Q: Our culture is so engaged with food now – almost to the point of fetishizing what’s on the plate. Is there any turning back? Or is this fascination with food a good thing?

A: We are more educated about what we’re eating and where it comes from and who’s making it than ever before. I think as silly as it is and as excessive and fetishistic, it signals a real cultural shift where we actually care about what we’re eating and who’s cooking, and this is good. I imagine that at some point we will shift to a more emotional response to food without taking pictures of it. We’re sort of catching up with France and Italy. On balance, however ridiculous it is at times and lampoonable, I’m happy with it.

Q: You’re about to release a new cookbook (“Appetites: A Cookbook,” hardcover, $26.69) – your first in 10 years – that apparently contains a lot of home-friendly recipes. How has your cooking changed since you had a child? What’s your advice for parents who want to get their kid engaged with food?

A: Everything changes when you become a parent, of course. That’s a cliché, but it’s a cliché because it’s true. It’s not about me anymore. It’s about “what will my 9-year-old girl eat?” (My daughter Ariane) makes most of the major decisions as relates to food in the house.

My daughter has a very, very, very adventurous palate, but that’s because I never, ever pushed her or suggested that she try sushi or try oysters or try anything outside of her immediate comfort zone. If she wanted pasta with butter every day, I was happy to give it to her. I would continue to eat the way I ate, and the hope was that she would notice and express a curiosity, which is what happened. I think it’s lethal to suggest to a child they should try something. Who ever responded to that? When your mom said try the liver, it’s good for you, that was sort of a death knell for you ever wanting to eat liver. It might even help with reverse psychology: “Stay away from my foie gras, kid, this is grown-up stuff. This is for Daddy.” Now they’re interested.
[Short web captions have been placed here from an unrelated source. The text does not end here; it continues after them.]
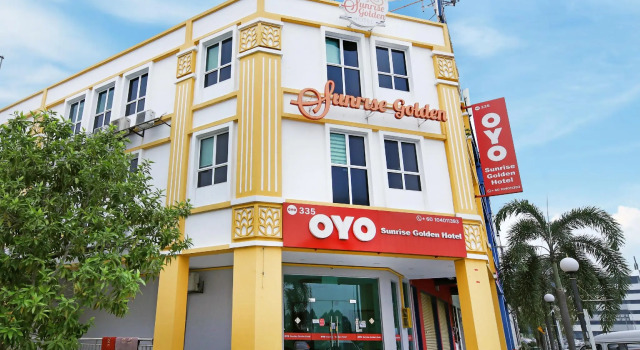 OYO 335 Sunrise Golden Hotel
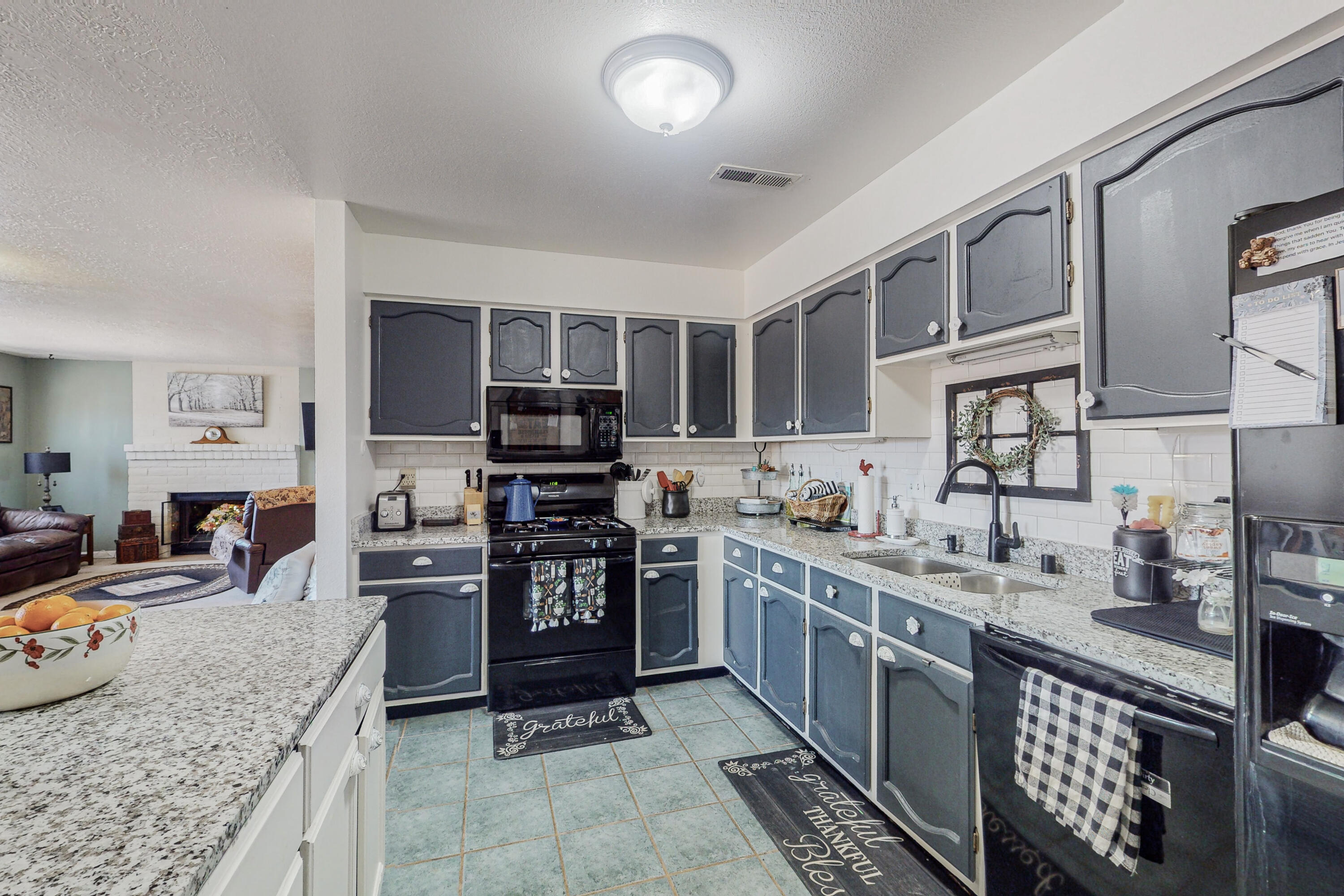 715 Hydra Road SE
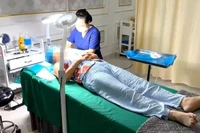 Cơ sở thẩm mỹ này để nhân viên lao công phẫu thuật cho khách. (Ảnh: Công an cung cấp)
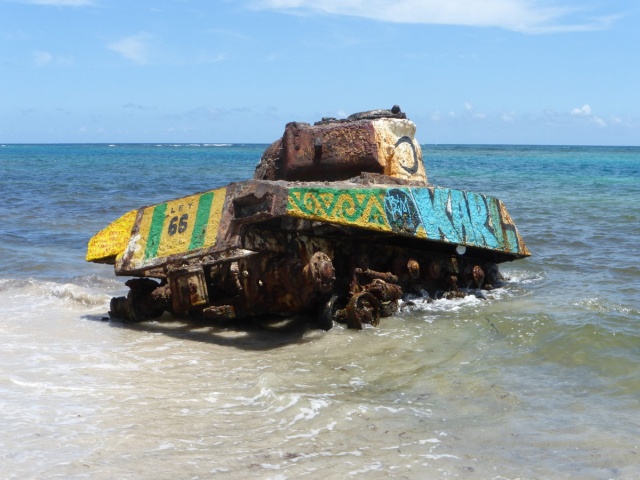 Painted Tanks At Flamenco Beach (Puerto Rico) (10 pics)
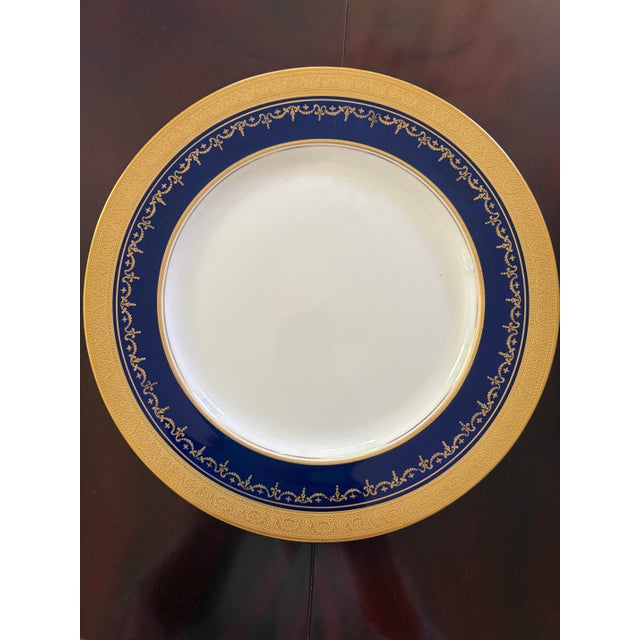 Aynsley Georgian Cobalt Dinner Dishes, England, Late 20th Century, Fit for an Embassy For Sale - Image 11 of 15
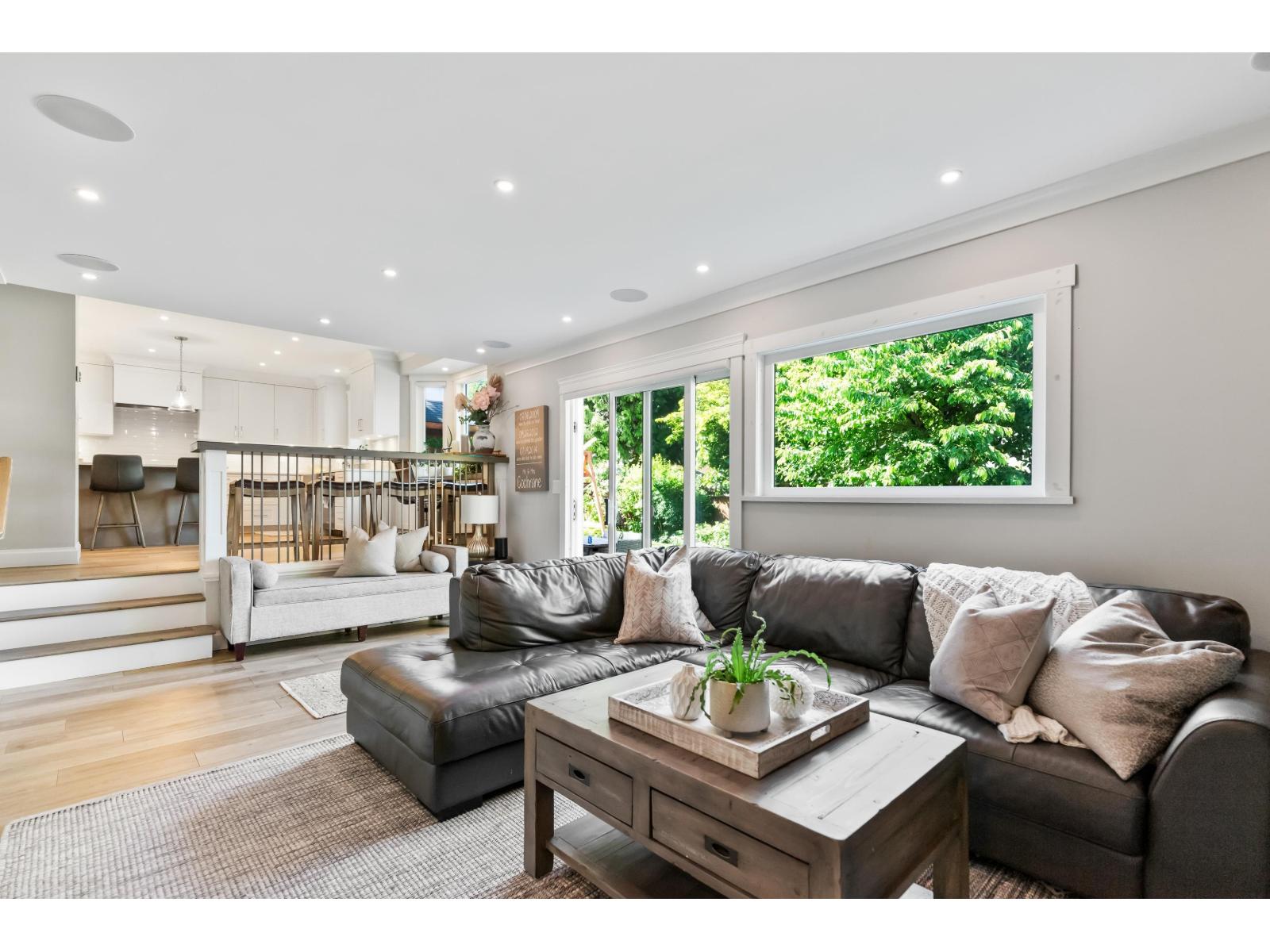 1964 158a Street, Surrey, British Columbia  V4A 8G9 - Photo 8 - R3100687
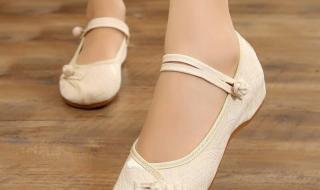 如何鉴定卓诗尼真假 卓诗尼女鞋旗舰店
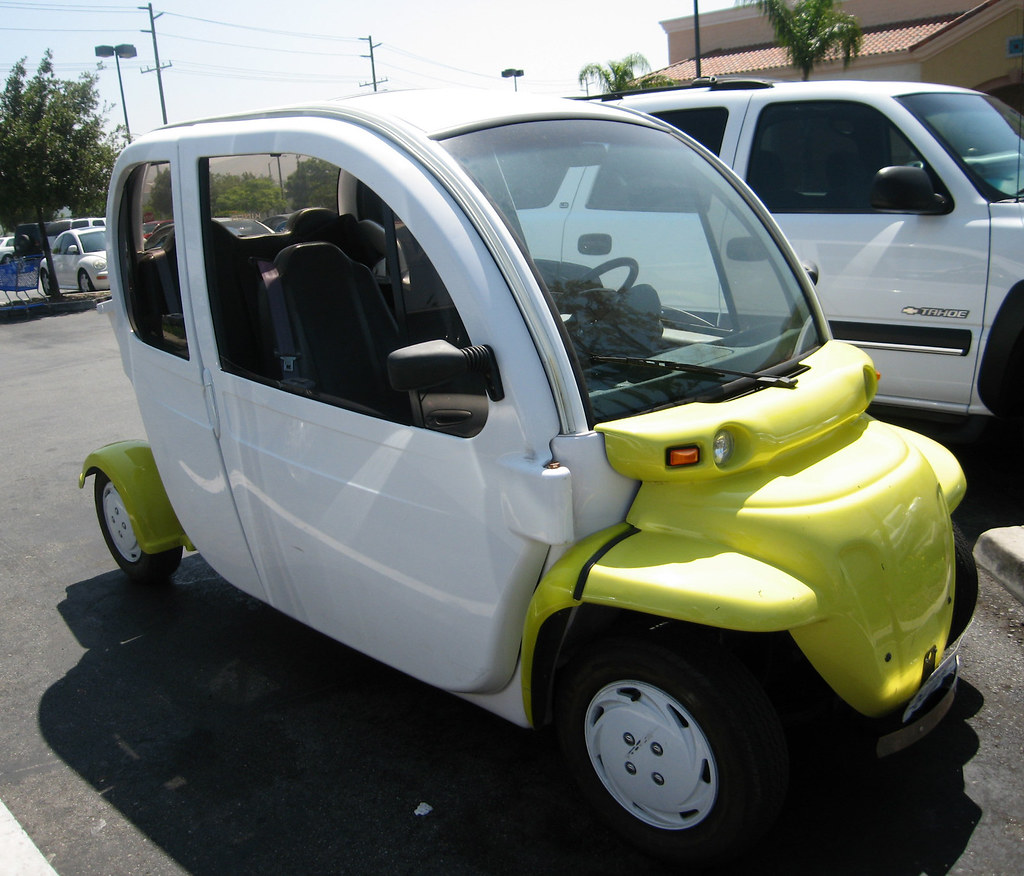 The GEM This is a GEM all electric neighborhood vehicle. S… Flickr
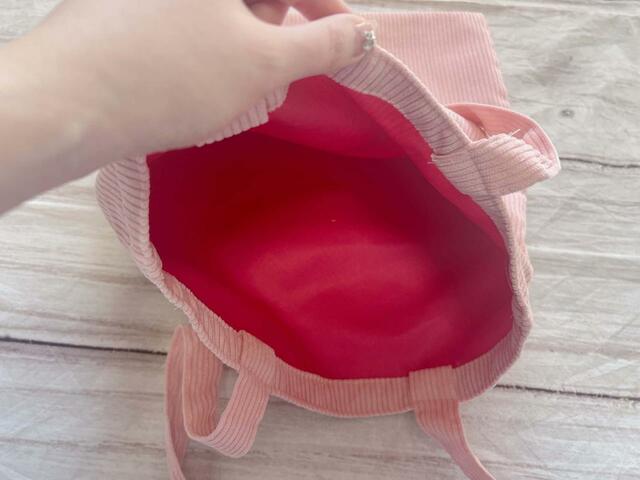 ポケットなどはないシンプルな作りです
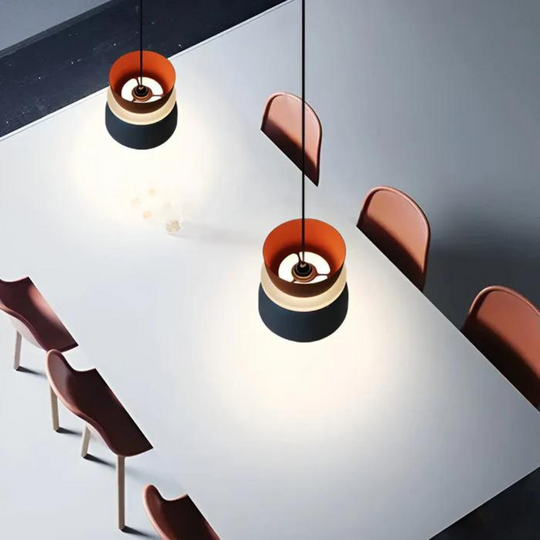 Kleurrijke LED hanglamp met elegant design - Moderne stijl, energiezuinig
As it turns out, she is (adventurous) but that’s because she watches a lot of food TV. She finds Alton Brown more interesting than me, and she thinks Andrew Zimmern is a living god.

Q: You’re a writer as much as a cook. Who do you like to read and why?

A: I keep going back to Graham Greene. George Orwell’s essays were a huge influence on me. I love (Vladimir) Nabokov. I love A.J. Liebling as an inspiration. I like good nonfiction writers.

For fiction writers, since I write a lot, I try to avoid people like Martin Amis, whose language is so impeccable and precise. It’s so much better than mine that I find it intimidating and dispiriting. If I get writer’s block, I’ll read Elmore Leonard. That’s just a master class in economy of writing. I’m a huge George V. Higgins fan. I think he’s the greatest crime writer who ever walked the planet and certainly a great New England writer and a great inspiration to me. Joan Didion I’m a huge fan of.

Q: Do you have a favorite world cuisine?

A: I don’t care where I am in the world, if there are 10 chefs sitting around late at night drinking, asking ourselves that same question – where would you eat, what country would you eat, if you had to eat only their food for the rest of your life? – the answer is almost always Japan. And in my case, I agree. It’s just so deep, so varied, so technically perfectionist and precise and interesting. I probably know more about Japanese food than most Americans, but that doesn’t mean I know anything at all about Japanese food. I’m still wallowing in relative ignorance, and that journey of discovery is something that makes me very, very happy.

Q: Do you foresee a time when you’ll slow down and do something closer to home?

A: Well, I have the best job in the world. I choose where we go, I decide what we do when we get there, and what the show is going to look like and what it’s going to sound like. I’ll probably stick with this for as long as they’ll let me.